The terror group has also been ratcheting up tensions in the Strip in what Israel believes to be an attempt to make Gaza residents even more desperate and angry. The amount of electricity, which was always scant, was further reduced as Hamas shuttered the Strip’s power plant over a dispute with Mahmoud Abbas’s Palestinian Authority. Israeli military officials also believe that Hamas ordered rioters to destroy key parts of the Kerem Shalom Crossing into Gaza last Friday, including the Strip’s only fuel pipelines.

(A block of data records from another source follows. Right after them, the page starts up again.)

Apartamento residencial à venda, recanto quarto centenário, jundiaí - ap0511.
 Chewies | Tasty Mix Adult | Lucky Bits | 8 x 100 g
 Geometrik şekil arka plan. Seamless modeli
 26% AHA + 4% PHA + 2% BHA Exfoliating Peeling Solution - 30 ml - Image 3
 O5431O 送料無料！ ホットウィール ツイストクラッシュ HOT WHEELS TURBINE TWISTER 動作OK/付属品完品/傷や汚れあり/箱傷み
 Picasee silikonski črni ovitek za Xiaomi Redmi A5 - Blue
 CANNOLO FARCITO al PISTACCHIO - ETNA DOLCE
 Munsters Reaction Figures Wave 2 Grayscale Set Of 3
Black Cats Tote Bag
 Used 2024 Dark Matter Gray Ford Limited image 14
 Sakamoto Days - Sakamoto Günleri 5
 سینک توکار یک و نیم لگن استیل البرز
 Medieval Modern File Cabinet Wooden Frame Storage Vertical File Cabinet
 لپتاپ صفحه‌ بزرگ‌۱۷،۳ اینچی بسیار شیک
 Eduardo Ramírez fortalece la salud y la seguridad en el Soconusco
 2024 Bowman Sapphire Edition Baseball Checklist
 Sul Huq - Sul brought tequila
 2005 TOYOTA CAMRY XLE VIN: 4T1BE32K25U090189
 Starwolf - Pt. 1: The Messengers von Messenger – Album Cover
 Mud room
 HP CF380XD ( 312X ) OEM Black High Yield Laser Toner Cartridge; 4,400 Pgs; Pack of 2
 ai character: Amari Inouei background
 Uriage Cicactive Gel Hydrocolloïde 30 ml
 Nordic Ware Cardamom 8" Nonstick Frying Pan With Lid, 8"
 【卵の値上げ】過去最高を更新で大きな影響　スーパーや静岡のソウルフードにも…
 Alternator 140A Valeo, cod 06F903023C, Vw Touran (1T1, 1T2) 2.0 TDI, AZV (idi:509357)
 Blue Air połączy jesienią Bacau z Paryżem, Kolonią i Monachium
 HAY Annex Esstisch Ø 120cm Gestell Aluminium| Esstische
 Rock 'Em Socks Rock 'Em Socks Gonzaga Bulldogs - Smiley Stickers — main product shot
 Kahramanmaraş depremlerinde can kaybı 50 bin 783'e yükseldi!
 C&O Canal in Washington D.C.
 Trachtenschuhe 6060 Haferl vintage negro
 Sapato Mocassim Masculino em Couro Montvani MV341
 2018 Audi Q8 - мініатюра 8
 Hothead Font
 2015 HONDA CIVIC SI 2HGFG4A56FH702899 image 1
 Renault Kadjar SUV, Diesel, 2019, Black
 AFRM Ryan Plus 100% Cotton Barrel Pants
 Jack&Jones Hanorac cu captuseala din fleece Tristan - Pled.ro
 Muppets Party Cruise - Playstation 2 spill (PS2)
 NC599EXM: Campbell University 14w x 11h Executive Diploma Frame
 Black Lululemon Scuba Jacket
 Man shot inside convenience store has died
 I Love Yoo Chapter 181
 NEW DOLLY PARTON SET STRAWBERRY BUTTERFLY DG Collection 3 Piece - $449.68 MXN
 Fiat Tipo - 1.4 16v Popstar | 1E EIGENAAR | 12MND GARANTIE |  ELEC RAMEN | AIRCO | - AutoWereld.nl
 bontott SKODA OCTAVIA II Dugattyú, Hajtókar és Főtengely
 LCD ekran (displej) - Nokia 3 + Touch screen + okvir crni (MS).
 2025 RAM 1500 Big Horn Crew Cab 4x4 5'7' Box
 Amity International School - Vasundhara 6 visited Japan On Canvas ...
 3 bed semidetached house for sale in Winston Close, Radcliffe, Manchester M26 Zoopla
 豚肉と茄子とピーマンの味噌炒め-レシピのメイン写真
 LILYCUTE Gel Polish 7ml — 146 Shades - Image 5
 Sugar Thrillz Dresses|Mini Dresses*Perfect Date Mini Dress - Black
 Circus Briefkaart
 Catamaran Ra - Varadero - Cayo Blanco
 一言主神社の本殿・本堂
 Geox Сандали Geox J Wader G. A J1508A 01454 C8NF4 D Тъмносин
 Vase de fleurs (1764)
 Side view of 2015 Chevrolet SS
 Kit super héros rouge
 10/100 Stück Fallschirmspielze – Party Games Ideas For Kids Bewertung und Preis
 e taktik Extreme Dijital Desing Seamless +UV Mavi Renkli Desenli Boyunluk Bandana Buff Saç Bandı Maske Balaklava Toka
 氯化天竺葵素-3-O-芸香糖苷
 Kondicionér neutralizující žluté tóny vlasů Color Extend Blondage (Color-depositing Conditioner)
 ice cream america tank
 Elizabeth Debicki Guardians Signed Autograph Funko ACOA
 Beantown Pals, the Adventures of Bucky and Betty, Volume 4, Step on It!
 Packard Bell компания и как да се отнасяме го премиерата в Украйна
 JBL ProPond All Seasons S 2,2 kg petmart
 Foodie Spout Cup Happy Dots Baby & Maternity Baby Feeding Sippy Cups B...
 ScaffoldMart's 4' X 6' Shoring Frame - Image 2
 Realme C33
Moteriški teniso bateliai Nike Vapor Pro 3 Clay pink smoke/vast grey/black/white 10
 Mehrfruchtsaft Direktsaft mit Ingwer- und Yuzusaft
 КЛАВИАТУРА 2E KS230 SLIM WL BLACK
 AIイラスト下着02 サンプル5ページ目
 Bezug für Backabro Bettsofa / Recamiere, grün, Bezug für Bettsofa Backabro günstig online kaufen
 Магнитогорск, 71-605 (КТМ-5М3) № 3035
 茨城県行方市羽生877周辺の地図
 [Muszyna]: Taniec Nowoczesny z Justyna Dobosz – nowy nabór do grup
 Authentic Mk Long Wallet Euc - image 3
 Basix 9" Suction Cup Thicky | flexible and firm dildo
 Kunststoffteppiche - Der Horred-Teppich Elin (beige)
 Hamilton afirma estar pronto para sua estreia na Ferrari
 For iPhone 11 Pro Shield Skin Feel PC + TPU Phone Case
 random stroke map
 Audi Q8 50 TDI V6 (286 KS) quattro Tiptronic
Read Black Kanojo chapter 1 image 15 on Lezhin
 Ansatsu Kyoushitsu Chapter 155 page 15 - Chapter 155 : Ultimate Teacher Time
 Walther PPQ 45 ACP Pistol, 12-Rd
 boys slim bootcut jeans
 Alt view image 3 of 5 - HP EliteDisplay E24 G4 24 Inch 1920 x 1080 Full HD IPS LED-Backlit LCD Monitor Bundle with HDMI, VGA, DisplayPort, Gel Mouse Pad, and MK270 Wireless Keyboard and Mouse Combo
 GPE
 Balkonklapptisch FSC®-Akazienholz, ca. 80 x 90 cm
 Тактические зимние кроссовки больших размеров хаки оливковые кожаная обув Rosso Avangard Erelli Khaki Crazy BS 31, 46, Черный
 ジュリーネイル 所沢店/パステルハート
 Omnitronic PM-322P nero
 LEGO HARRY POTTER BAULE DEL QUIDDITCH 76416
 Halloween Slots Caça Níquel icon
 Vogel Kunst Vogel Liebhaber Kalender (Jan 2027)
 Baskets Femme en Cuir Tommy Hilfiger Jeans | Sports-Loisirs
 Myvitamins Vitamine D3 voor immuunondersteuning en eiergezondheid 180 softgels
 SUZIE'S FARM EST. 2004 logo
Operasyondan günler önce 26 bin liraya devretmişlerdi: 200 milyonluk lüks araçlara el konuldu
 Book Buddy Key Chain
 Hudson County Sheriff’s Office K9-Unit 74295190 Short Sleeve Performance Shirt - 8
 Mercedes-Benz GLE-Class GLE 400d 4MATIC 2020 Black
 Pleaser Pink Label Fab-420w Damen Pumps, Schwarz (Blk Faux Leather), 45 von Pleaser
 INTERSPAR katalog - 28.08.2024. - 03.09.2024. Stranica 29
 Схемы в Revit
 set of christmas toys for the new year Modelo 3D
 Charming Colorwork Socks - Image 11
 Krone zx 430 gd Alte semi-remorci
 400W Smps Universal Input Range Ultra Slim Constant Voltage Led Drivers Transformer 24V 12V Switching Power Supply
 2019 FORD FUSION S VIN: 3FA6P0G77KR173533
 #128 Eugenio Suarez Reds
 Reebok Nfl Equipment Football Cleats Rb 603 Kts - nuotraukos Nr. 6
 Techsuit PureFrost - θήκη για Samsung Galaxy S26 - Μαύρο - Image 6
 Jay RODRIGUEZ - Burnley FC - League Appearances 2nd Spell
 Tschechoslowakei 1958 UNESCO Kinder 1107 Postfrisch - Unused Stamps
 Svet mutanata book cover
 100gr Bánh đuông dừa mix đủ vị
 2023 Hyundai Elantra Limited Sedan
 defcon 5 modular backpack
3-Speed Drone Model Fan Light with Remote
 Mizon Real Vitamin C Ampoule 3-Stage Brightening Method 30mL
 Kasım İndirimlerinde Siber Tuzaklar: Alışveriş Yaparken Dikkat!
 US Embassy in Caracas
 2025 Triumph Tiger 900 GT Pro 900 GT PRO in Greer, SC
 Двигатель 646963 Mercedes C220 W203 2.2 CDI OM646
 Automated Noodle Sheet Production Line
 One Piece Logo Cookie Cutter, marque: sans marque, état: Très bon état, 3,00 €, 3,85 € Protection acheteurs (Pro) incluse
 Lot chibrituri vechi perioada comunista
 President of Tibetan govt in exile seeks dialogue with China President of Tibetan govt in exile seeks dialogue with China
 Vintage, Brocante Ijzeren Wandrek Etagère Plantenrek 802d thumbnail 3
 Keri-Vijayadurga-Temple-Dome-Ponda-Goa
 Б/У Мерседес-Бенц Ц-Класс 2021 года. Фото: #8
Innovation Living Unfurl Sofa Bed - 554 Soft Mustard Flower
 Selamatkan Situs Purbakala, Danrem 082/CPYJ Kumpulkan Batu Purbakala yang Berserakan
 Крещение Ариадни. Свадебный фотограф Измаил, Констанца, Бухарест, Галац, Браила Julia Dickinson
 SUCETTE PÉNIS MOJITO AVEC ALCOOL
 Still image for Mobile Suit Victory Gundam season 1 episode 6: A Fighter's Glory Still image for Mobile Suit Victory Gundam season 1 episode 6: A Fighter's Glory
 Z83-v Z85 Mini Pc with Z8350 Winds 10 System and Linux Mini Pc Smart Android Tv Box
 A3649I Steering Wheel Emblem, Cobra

But those efforts ultimately appeared to be of little avail.
Winners, losers
In the short term, both Israel and Hamas can claim success of sorts on the Gaza Strip’s bloodiest day in nearly four years.
The IDF defended the border, but at no small cost for its image, and Hamas attracted international attention for Gaza and international condemnation for Israel, at a terrible cost for the people it is supposed to be governing.
The longer term implications of Monday’s clashes are far less clear.
Israel will be asked to justify its use of live fire against what much of the world considers to be unarmed civilian protesters.
Hamas, meanwhile, will have to continue governing the restive Gaza Strip, which is rapidly spiraling into a full-blown humanitarian crisis, and hope that it can maintain its control over a population it is pushing to the brink.